» **What you will do**:
Make an exact copy of the listing so that no picture is carried over.

» **Given data**:
%%

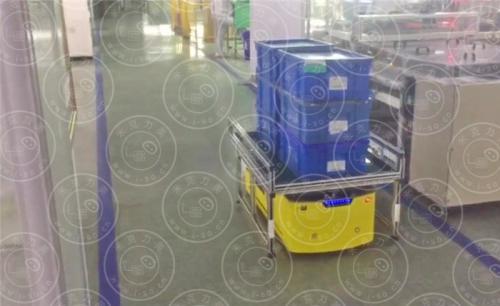 AGV機(jī)器人以一抵十 分揀中心的戰(zhàn)斗機(jī)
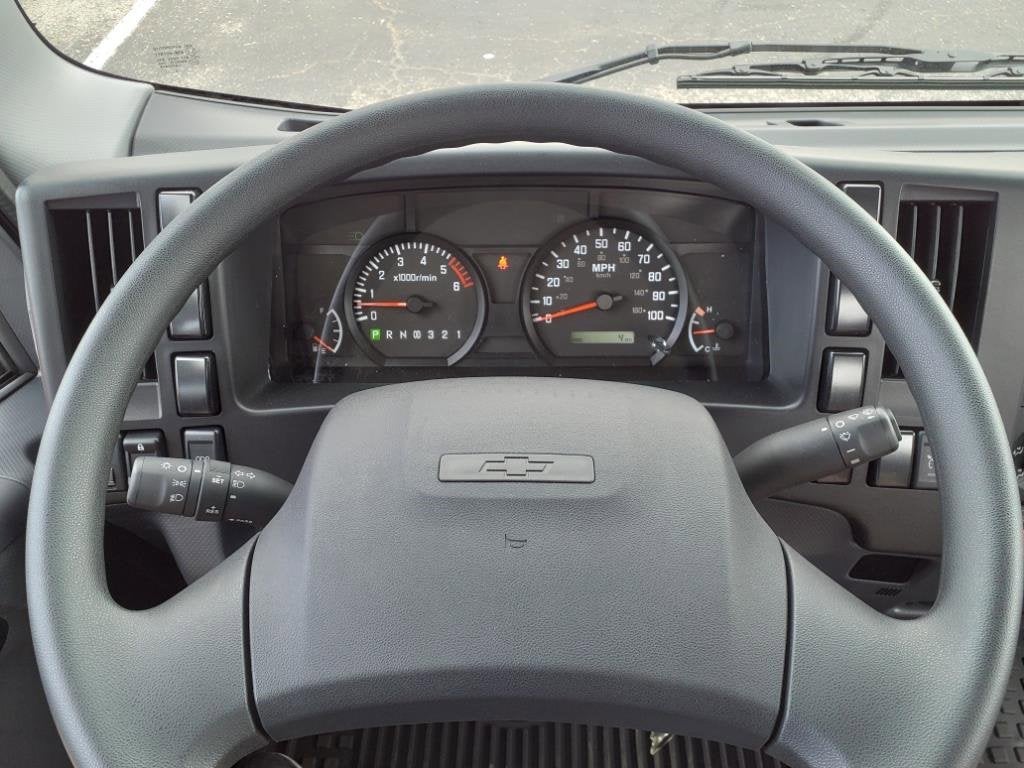 2025 Chevrolet Low Cab Forward 5500 XG Base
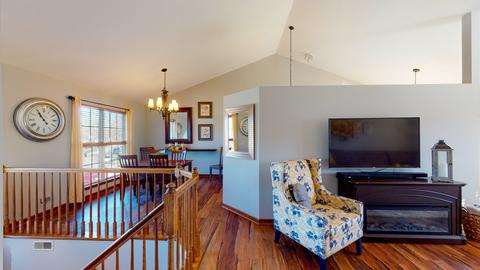 1149 Spring Creek Rd, Elgin, IL 60120 photo 4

%%

» **The answer**:
 AGV機(jī)器人以一抵十 分揀中心的戰(zhàn)斗機(jī)
 2025 Chevrolet Low Cab Forward 5500 XG Base
 1149 Spring Creek Rd, Elgin, IL 60120 photo 4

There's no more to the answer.